The book takes us to London in 1946 and introduces us to Miss Iris Sparks and Mrs. Gwen Bainbridge, two women looking for fresh starts in the after math of the war. Even though they are little more than acquaintances, they join together to form The Right Sort Marriage Bureau to help those who are looking to move forward and find some happiness now that the war is over. Essentially, they are working as professional match makers. They’ve only been opened a few months, but they have made several successful matches.
They think they are off to a good start for their latest client until she is found murdered and her potential match is arrested for the crime. When word gets out, their reputations take a hit, both professionally and personally, something they can’t afford to have happen. Can they clear their client of the crime and restore their reputations in the bargain?
I will admit, it took me a while to get into the book. While it is nice that we don’t get a lot of exposition at the beginning, I still didn’t quite feel like I knew who Miss Sparks and Mrs. Bainbridge were until I was a little ways in. Meanwhile, it seemed to take a bit for the mystery to truly get going. I also didn’t care for Miss Sparks at first.

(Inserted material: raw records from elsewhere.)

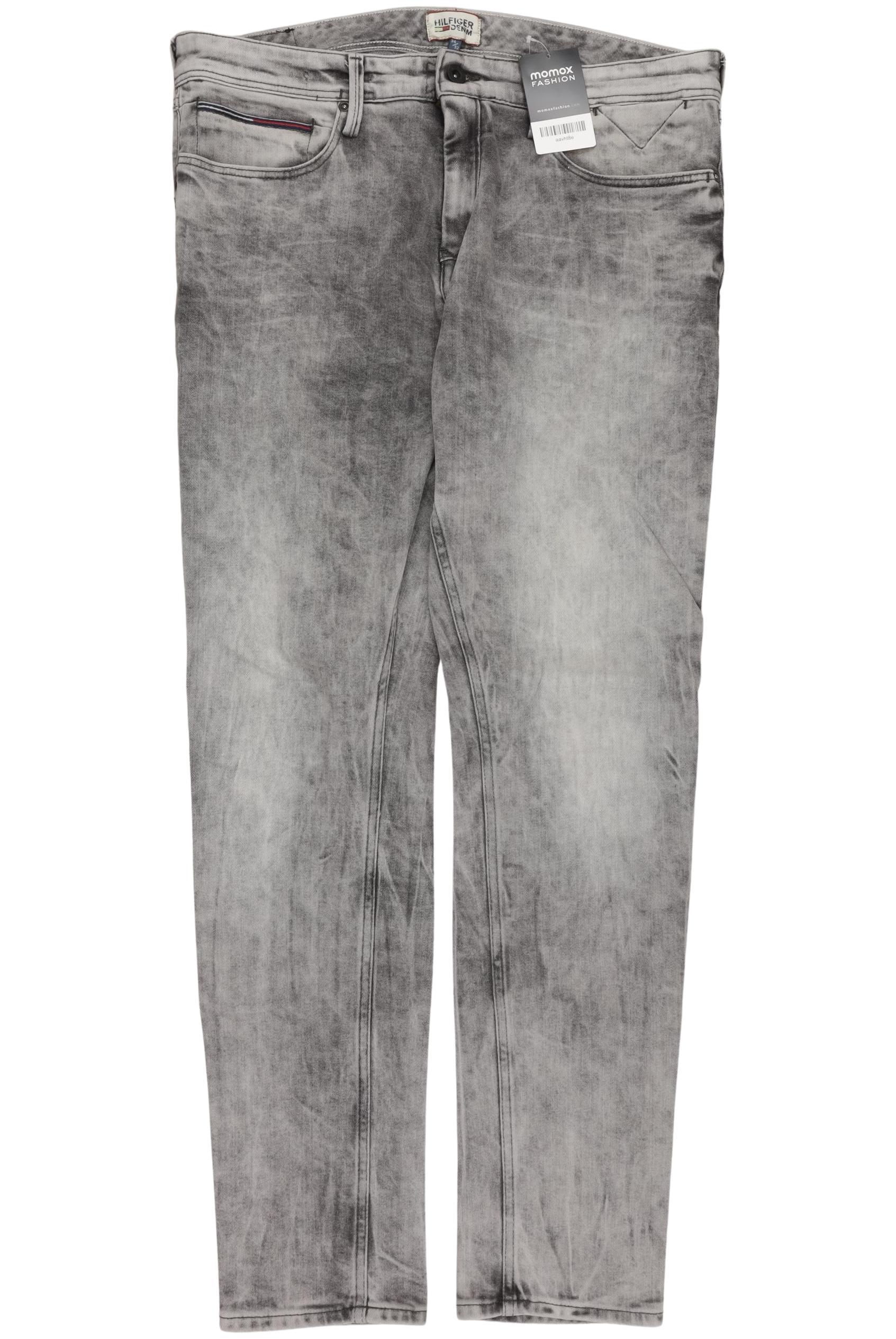 

Tommy Jeans Herren Jeans, grau, Gr. 34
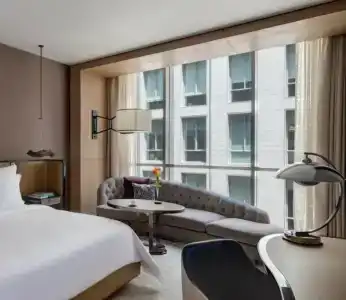 Four Seasons Dubai International Financial Centre - 99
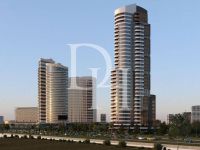 Купить апартаменты в Алании, Турция 157м2 цена 585 000€ у моря элитная недвижимость ID: 111249 2
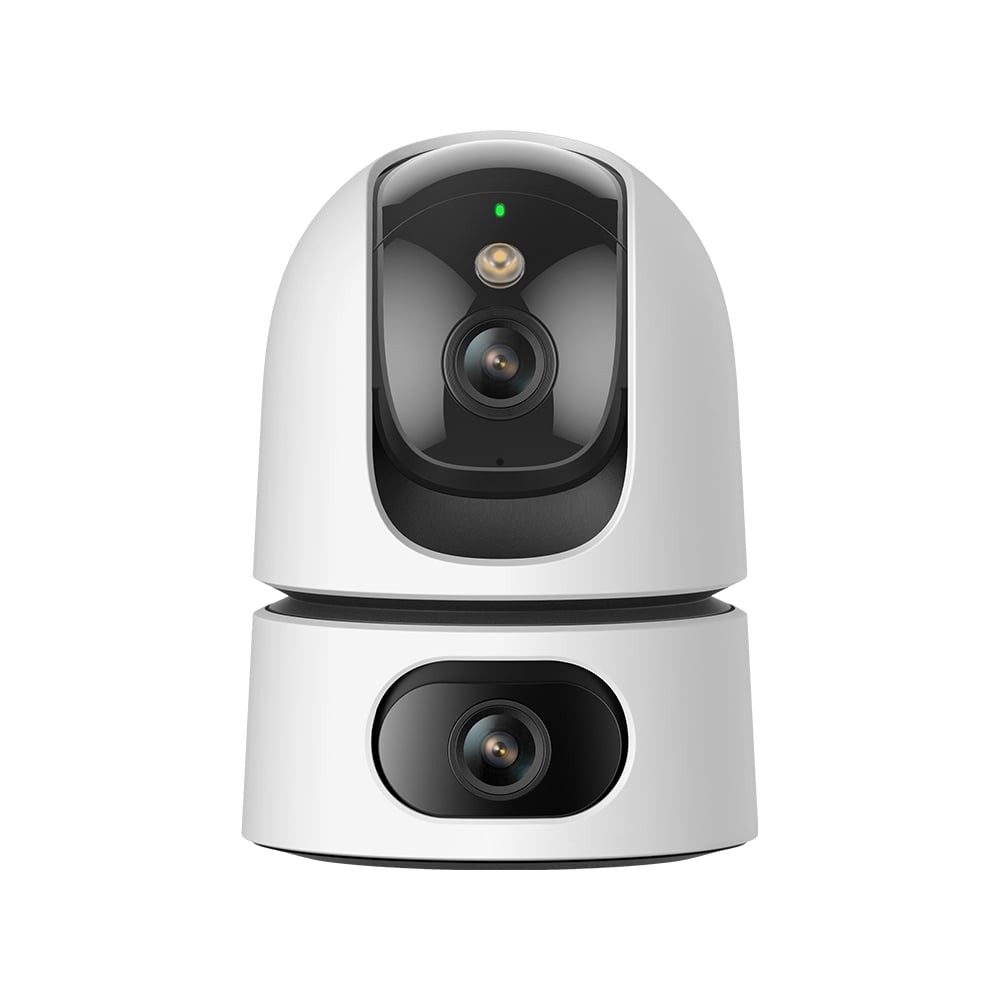 กล้องวงจรปิด IMOU IP Camera Ranger Dual 6MP 3+3MP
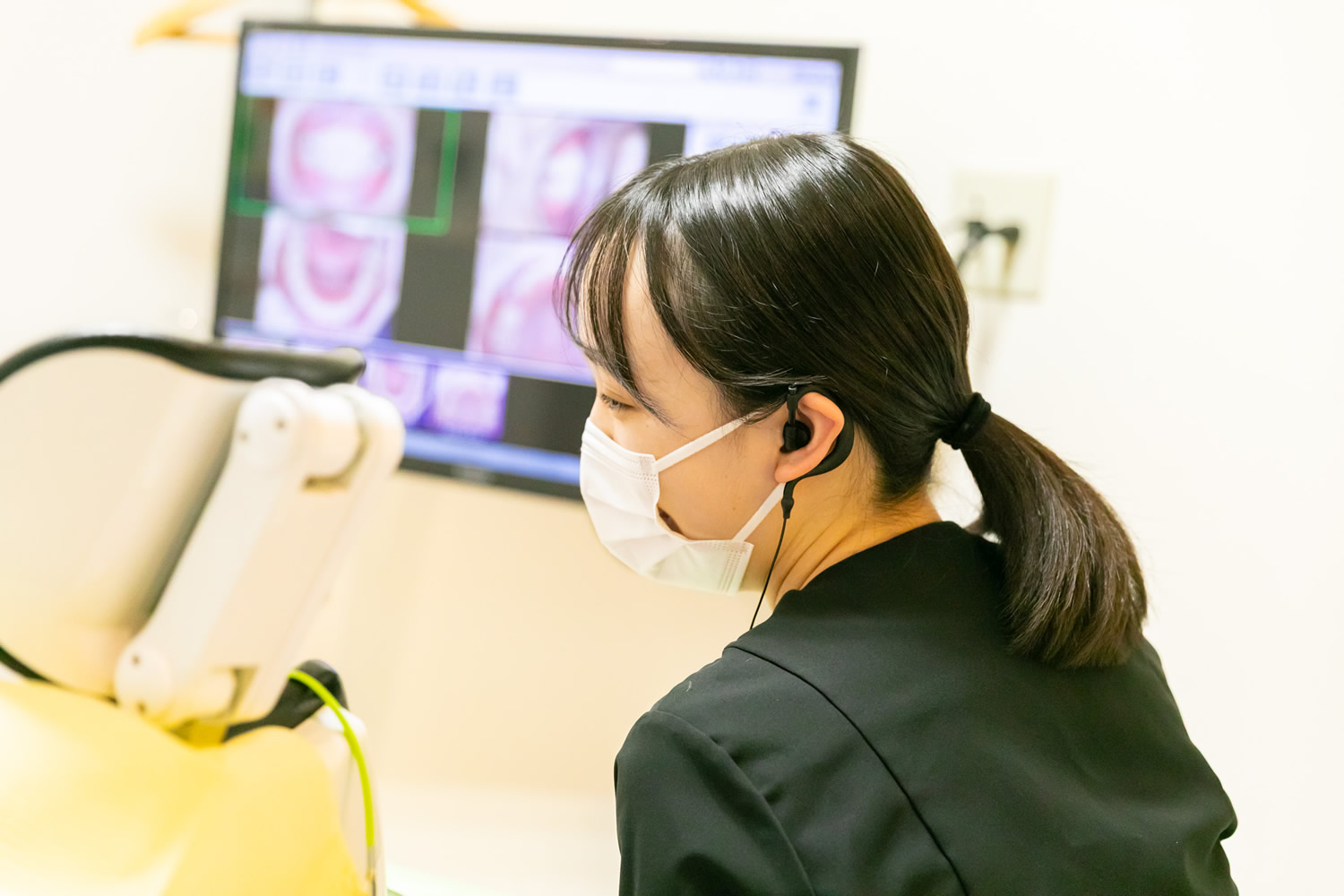 スタッフ紹介のメインイメージ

However, once I got into the book, I was hooked. The mystery was great, with some twists that surprised me and a suspenseful yet logical climax.
As we get to know the main characters, we also get some strong sub-plots involving them. By the time those truly kicked into high gear, I had grown to really care for both of them, so I was fully invested, with these sub-plots keeping me just as invested as I was in the main mystery.
The further we got into the book, the more Miss Sparks and Mrs. Bainbridge became solid characters, helped by those sub-plots. I could also feel their friendship solidifying and watch them growing. I’m anxious to see where things will go for them next.
I was expecting to feel like I was back in 1946, and I wasn’t disappointed. With my American view of the war and it’s after math, I hadn’t really thought about the picture this book painted of that year for those who lived in London. I appreciated being able to get a glimpse of it.
But what I wasn’t expecting was the humor. The further into the book I got, the more I was laughing at the character interactions and the situations they were facing. This makes the more serious moments hit that much harder.
For me, this book was more in the traditional camp based on some mild content. As long as you keep that in mind going in, you’ll be fine.
I will be back to find out what happens to these characters next. Anyone looking for a fun mystery set in the after math of World War II will be glad they picked up The Right Sort of Man.